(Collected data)

------

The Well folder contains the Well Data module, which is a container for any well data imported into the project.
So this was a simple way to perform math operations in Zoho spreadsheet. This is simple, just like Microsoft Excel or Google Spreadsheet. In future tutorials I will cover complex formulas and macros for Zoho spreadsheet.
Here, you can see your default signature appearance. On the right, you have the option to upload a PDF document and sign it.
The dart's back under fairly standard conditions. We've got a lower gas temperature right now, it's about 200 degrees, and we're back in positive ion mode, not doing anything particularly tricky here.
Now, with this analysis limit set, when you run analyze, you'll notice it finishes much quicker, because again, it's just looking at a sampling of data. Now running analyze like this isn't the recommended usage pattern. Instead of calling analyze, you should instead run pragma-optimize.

------

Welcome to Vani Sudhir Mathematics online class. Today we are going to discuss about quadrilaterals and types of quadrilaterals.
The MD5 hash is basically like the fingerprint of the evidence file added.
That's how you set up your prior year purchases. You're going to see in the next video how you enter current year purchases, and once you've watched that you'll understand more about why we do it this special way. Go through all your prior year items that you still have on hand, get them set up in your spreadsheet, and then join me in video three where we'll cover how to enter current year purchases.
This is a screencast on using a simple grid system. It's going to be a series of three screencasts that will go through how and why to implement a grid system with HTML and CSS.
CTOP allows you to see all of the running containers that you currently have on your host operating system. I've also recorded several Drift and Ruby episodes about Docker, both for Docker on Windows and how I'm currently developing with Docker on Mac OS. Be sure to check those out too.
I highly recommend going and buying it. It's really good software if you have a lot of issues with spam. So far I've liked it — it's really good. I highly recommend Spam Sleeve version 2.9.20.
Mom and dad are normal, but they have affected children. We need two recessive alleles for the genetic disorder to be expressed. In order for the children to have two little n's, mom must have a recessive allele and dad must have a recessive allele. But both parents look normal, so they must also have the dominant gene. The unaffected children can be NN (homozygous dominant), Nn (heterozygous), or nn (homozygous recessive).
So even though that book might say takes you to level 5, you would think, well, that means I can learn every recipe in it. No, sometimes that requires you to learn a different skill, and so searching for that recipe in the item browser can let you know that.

------

EXERCISE OBJECTIVE
Search the records for the string "have", and copy every line that holds it.

OUTPUT OF THE TASK
Here, you can see your default signature appearance. On the right, you have the option to upload a PDF document and sign it.
That's how you set up your prior year purchases. You're going to see in the next video how you enter current year purchases, and once you've watched that you'll understand more about why we do it this special way. Go through all your prior year items that you still have on hand, get them set up in your spreadsheet, and then join me in video three where we'll cover how to enter current year purchases.
CTOP allows you to see all of the running containers that you currently have on your host operating system. I've also recorded several Drift and Ruby episodes about Docker, both for Docker on Windows and how I'm currently developing with Docker on Mac OS. Be sure to check those out too.
I highly recommend going and buying it. It's really good software if you have a lot of issues with spam. So far I've liked it — it's really good. I highly recommend Spam Sleeve version 2.9.20.
Mom and dad are normal, but they have affected children. We need two recessive alleles for the genetic disorder to be expressed. In order for the children to have two little n's, mom must have a recessive allele and dad must have a recessive allele. But both parents look normal, so they must also have the dominant gene. The unaffected children can be NN (homozygous dominant), Nn (heterozygous), or nn (homozygous recessive).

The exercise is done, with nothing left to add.